━━━━━ Records for this task ━━━━━
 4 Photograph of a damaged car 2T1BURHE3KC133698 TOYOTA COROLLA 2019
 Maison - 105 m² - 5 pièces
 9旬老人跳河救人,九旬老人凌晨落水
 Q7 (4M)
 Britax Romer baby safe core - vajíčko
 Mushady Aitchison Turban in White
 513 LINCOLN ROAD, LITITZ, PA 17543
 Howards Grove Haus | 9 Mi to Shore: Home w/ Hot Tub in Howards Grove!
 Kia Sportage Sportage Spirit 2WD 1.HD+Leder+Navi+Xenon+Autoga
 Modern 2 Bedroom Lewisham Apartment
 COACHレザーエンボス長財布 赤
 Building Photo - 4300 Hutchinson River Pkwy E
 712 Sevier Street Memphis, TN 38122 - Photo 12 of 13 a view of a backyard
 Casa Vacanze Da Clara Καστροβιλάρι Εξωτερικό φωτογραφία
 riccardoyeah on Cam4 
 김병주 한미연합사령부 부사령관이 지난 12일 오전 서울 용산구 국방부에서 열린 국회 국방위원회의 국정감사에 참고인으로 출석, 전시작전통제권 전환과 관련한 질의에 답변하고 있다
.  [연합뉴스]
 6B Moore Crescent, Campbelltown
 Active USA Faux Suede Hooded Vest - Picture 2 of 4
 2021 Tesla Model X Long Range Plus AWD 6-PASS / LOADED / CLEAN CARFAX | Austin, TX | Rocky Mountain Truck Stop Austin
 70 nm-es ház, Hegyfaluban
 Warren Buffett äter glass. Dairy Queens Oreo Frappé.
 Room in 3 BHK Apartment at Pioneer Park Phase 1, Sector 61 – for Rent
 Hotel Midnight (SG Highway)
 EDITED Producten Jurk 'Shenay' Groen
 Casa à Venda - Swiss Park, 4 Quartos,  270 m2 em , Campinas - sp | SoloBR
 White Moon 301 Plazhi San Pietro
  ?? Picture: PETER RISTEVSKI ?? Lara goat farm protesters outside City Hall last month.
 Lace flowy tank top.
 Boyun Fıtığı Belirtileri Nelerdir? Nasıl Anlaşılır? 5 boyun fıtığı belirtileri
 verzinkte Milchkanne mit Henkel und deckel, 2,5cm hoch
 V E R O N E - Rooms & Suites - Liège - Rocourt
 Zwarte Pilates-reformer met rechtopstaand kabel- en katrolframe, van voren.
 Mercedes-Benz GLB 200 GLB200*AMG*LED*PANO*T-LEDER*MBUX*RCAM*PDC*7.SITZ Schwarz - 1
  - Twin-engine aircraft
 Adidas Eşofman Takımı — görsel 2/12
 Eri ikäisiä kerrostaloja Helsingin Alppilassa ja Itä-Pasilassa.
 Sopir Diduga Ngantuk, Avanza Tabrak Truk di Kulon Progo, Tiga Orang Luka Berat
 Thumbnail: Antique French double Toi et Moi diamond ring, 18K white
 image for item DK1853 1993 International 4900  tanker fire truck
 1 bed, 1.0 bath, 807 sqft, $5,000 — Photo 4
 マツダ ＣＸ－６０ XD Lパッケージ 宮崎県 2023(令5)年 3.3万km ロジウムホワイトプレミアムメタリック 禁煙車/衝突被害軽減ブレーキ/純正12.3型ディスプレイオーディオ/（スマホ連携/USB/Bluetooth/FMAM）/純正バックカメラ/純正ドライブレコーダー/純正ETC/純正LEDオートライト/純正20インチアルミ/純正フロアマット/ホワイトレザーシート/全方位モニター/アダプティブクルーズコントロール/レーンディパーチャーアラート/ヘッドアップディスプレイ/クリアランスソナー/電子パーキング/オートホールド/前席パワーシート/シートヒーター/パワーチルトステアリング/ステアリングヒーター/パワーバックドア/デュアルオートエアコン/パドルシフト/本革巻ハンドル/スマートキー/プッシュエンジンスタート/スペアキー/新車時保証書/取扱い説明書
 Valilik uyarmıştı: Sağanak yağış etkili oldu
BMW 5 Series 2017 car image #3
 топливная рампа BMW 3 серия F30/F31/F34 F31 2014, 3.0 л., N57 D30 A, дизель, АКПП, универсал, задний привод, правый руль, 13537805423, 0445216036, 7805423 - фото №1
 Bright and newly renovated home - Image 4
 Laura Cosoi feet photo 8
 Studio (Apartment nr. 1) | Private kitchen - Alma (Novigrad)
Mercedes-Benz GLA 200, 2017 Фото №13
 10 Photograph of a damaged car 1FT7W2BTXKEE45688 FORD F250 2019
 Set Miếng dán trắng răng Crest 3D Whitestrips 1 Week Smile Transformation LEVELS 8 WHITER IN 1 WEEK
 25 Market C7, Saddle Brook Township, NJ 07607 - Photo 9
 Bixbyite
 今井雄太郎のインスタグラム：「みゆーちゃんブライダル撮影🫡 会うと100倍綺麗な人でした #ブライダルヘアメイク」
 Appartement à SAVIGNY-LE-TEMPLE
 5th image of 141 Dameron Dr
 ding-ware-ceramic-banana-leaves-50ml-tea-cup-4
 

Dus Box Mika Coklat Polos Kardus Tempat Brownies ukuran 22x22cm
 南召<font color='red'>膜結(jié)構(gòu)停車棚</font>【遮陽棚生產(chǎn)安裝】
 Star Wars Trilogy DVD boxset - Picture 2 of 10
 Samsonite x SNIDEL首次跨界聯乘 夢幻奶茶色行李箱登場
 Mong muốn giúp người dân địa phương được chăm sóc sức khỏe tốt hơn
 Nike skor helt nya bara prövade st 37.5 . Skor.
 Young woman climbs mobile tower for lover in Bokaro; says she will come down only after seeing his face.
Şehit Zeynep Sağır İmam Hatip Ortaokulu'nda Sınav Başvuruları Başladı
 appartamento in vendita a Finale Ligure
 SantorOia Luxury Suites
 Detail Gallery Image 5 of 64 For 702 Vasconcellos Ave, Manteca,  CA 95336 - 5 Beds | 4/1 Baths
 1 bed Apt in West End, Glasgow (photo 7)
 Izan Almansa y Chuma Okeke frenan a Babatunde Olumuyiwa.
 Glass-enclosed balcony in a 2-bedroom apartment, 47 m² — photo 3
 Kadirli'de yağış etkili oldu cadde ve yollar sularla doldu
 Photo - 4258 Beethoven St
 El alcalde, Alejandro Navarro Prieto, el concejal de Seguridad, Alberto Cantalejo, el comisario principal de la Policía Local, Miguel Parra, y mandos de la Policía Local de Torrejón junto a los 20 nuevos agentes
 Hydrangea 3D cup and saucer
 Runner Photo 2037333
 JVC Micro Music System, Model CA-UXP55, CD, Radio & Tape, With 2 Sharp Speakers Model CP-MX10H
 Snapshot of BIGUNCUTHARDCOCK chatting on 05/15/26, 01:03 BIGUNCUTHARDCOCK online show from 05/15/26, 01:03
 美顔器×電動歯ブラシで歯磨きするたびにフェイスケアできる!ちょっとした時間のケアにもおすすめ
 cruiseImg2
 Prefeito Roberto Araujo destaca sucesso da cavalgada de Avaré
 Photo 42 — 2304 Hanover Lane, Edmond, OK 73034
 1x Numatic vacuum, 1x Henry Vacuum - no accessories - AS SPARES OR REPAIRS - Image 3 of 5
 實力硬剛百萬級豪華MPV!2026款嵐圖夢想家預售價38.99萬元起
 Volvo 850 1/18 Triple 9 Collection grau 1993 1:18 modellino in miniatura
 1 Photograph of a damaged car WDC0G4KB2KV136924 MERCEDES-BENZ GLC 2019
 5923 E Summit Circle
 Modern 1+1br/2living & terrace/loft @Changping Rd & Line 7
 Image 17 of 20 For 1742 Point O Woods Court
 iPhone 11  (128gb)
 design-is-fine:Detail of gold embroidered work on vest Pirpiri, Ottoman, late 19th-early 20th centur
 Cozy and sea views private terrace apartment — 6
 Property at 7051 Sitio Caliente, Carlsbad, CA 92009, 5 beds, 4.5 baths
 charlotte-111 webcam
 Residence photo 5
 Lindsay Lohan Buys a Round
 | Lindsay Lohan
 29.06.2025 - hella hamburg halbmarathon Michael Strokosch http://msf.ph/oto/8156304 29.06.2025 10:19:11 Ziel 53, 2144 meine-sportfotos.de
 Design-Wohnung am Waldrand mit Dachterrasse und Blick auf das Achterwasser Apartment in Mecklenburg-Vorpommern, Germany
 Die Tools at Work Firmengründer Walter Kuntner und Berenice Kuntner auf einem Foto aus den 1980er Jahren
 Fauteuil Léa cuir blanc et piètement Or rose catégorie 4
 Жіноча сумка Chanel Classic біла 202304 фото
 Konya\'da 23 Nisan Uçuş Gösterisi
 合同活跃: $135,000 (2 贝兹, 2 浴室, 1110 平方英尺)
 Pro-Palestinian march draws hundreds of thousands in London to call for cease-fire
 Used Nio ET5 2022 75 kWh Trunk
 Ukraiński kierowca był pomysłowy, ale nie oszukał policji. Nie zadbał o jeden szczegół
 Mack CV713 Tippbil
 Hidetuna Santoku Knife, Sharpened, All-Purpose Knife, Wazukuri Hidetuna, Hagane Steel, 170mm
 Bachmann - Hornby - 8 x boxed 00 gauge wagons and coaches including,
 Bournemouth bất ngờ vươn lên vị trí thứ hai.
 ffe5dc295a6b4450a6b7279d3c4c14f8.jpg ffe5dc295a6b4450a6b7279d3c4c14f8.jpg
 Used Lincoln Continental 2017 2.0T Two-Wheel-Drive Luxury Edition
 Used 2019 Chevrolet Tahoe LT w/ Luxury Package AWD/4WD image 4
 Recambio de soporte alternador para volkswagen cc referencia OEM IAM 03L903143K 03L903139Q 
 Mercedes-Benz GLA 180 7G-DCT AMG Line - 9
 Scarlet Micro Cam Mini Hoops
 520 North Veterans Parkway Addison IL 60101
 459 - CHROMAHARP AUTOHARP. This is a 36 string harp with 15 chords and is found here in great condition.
━━━━━
— Exercise instructions —
A word-for-word copy of the lines above from the one with "Bachmann - Hornby" through the one with "520 North Veterans Parkway Addison IL 60101", inclusive, is the only output wanted.

— Finished exercise —
 Bachmann - Hornby - 8 x boxed 00 gauge wagons and coaches including,
 Bournemouth bất ngờ vươn lên vị trí thứ hai.
 ffe5dc295a6b4450a6b7279d3c4c14f8.jpg ffe5dc295a6b4450a6b7279d3c4c14f8.jpg
 Used Lincoln Continental 2017 2.0T Two-Wheel-Drive Luxury Edition
 Used 2019 Chevrolet Tahoe LT w/ Luxury Package AWD/4WD image 4
 Recambio de soporte alternador para volkswagen cc referencia OEM IAM 03L903143K 03L903139Q 
 Mercedes-Benz GLA 180 7G-DCT AMG Line - 9
 Scarlet Micro Cam Mini Hoops
 520 North Veterans Parkway Addison IL 60101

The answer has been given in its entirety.